*** Supplied data ***

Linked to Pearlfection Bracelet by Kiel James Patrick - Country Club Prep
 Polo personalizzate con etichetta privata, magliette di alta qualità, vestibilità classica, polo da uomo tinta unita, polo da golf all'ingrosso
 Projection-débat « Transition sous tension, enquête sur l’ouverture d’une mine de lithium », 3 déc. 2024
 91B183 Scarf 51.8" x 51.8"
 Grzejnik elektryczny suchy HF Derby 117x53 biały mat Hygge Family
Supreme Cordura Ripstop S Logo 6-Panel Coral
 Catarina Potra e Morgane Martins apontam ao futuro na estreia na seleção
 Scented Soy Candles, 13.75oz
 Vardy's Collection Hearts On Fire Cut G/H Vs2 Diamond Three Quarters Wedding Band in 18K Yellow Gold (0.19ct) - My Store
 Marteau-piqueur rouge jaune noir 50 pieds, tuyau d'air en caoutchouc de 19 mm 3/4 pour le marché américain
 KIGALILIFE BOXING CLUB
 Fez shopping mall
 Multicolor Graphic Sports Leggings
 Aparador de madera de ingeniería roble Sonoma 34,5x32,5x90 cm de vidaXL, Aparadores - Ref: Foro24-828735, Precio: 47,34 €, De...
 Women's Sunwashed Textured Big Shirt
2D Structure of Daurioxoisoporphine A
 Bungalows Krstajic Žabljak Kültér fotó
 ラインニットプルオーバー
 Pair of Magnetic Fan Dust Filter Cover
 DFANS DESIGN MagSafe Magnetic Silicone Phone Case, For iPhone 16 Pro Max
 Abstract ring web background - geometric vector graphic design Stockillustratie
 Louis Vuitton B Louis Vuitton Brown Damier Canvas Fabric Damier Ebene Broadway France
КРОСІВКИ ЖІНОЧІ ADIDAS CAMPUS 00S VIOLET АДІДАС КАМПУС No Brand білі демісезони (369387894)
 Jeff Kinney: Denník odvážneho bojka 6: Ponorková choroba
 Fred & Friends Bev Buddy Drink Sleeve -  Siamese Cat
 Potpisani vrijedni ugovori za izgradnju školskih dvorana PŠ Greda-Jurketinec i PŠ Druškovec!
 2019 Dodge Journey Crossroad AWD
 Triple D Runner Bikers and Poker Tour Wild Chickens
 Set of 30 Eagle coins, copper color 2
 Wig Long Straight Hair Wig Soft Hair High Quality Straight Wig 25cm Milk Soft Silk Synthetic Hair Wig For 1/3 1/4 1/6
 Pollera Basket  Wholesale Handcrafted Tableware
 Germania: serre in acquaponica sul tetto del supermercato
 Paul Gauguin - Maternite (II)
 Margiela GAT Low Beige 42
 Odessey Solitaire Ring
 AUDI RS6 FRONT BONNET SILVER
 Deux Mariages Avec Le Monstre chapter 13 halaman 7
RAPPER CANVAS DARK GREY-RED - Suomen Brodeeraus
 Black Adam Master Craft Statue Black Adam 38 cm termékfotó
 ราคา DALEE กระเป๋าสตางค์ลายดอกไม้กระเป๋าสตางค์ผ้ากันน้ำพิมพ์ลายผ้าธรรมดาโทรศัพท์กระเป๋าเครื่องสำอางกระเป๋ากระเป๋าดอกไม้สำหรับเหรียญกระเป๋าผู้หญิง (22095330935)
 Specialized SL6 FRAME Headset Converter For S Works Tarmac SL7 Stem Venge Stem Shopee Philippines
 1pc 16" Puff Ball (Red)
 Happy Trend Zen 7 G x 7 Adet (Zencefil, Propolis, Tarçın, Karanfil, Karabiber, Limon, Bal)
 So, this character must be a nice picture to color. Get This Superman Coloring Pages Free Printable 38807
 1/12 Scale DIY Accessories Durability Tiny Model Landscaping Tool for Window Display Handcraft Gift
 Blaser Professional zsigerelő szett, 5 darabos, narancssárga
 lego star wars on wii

***

Problem details —
Each line of the records above that holds the word "Magnetic" should be counted, and only the final number stated.

Reply —
2